Europeans, and none more-so than the Irish, are a text-loving breed. On average, I send over 100 SMS messages per day. This is not uncommon in Ireland, and given that I’m a man, you can imagine that the number of text messages sent by women is a multiple of that. In fact, we’re so good at ‘texting’ each other here that we can type better on our phone’s twelve-key layout, than on a 105-key keyboard. The iPhone lacks this fundamental feature of tactile touch and connection with the phone. It has a beautiful and extremely clever QWERTY keyboard. But the problem is that this keyboard is a touch-screen keyboard, which relies on super-human hand-eye co-ordination to hit each key every time. This is no good to people raised on a diet of 4-3-5-5-6 (H-E-L-L-O) keystrokes. I’ve frequently sent text messages to people in my pocket while not looking at the keys. It’s great when you’re at a funeral and someone has a funny story to tell you right at that moment. It’s not that it doesn’t happen! So imagine remembering the x-y co-ordinates of the letter ‘M’ on your iPhone keyboard when it’s in your pocket on a freezing wet November day? It’s not going to happen. The fact is, we need keys to feel our way around. Most people here text without even thinking about which buttons to press, similar to how we now type on our keyboards at work. In fact, some of the stupidest people I’ve ever met who can’t type their name on a keyboard without looking, could write a 160-character text message faster than you could say ‘What kind of phone do you have?’.

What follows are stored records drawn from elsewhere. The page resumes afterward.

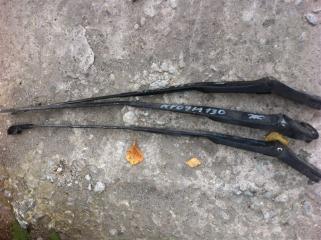 Держатель щетки стеклоочистителя (поводки дворников) Toyota Crown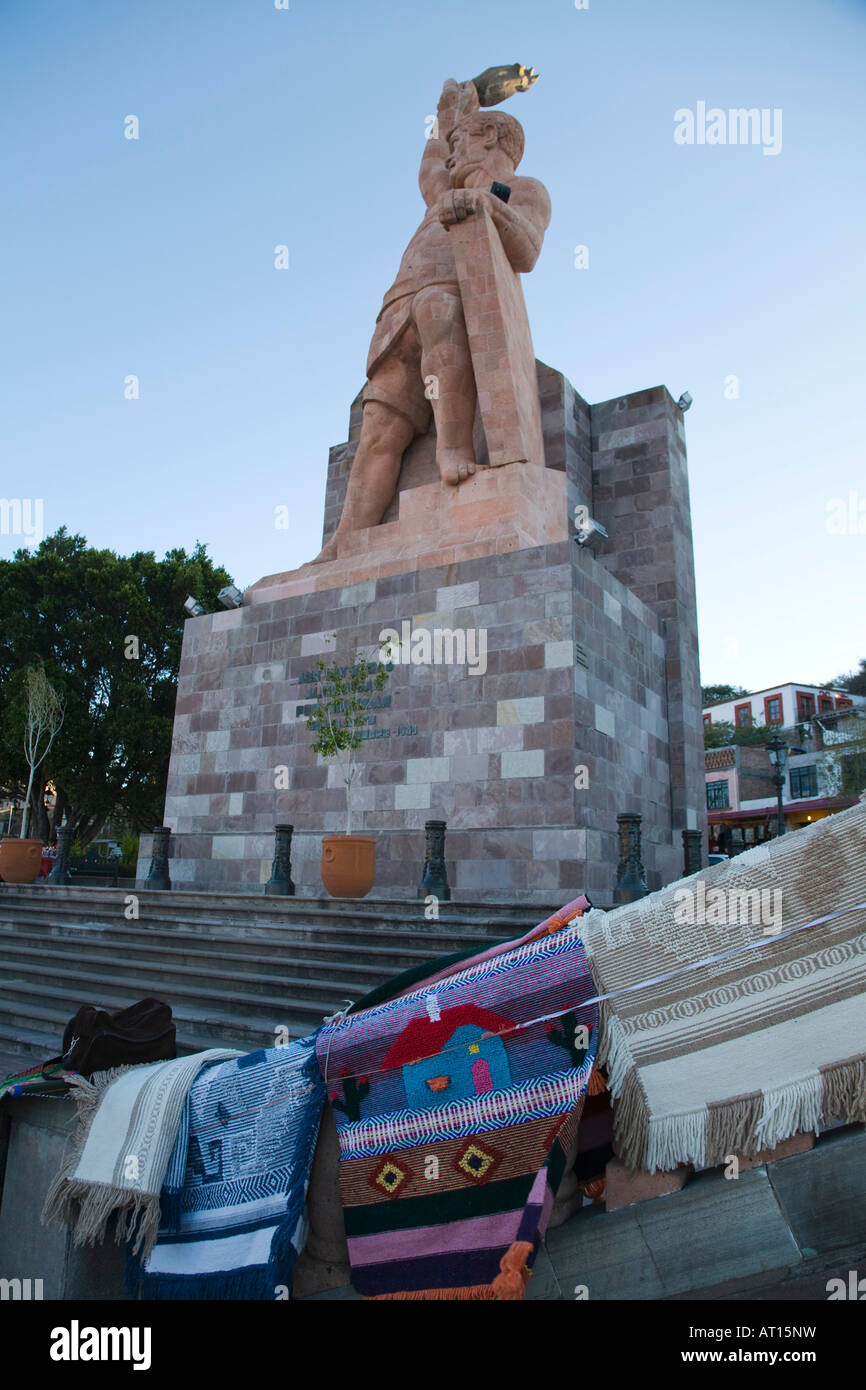 Mexiko Guanajuato Pipila Denkmal für die Helden in der mexikanischen Unabhängigkeit Bewegung Steinstatue von Mann mit erhobenen Arm decken Stockfoto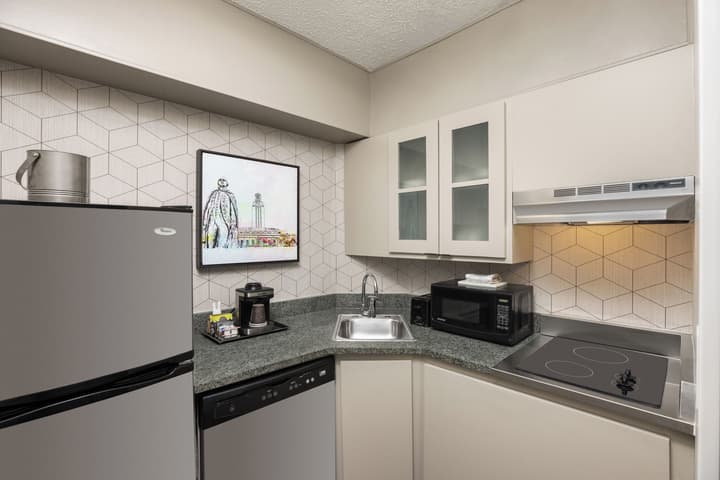 DoubleTree Suites by Hilton Austin Downtown Capitol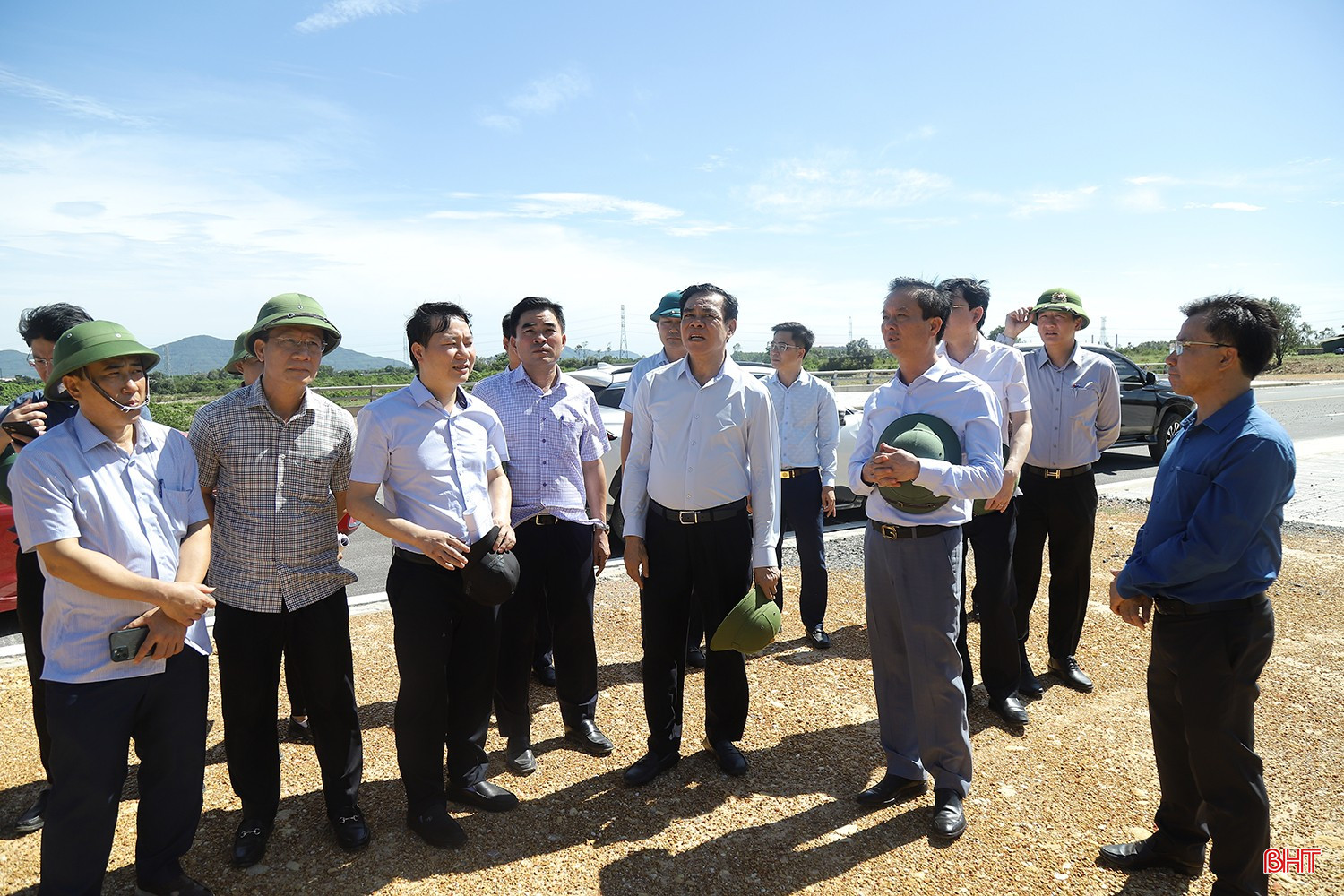 bqbht_br_mo-vat-lieu-xay-dung-111.jpg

So what of the Irish situation. Well, the iPhone still hasn’t beholden itself to being sold here yet. Still no announcement from Apple as to when this might happen, despite everyone and his dog predicting it’ll be in February of 2008. But the problem is, given that there’s only a population of 4 million on this island, and about two-thirds of our population are either too old or too young to adopt the iPhone in their droves, the device will be the target of the adoration of the middle-classes. These are the people who stupidly bought houses in the last 5 years and didn’t sell them when they had the chance. They’re now poor, struggling to make ends meet and not entirely aware of the fact that they’ll spend every day until they’re 90 years old working to pay off the debt they owe to the banks. This narrows the gap to fewer and fewer potential buyers of the iPhone. To be honest, if you take the ratio of 80 million in the UK buying only 200,000 iPhones, that means that in Ireland, Apple could only hope to sell 10,000 iPhones here. At a price tag of about €300 per iPhone, that’s only €3,000,000. Apple takes only 25% of that, meaning the company will make only €750,000 for ploughing iPhones into Ireland. Think about it, how much money will actually make it back to Cupertino? And then wonder why you’re asking yourself why Apple haven’t launched it here yet??

The answer is simple. If it’s not catching on in the UK, it’ll never catch on here.

How do Apple rectify that? They really cannot. While things might work in the US for the iPhone, Europeans want a phone that is easy to text with, can take reasonably good pictures and costs nothing to own or run. The iPhone is the antithesis of this. More is the pity.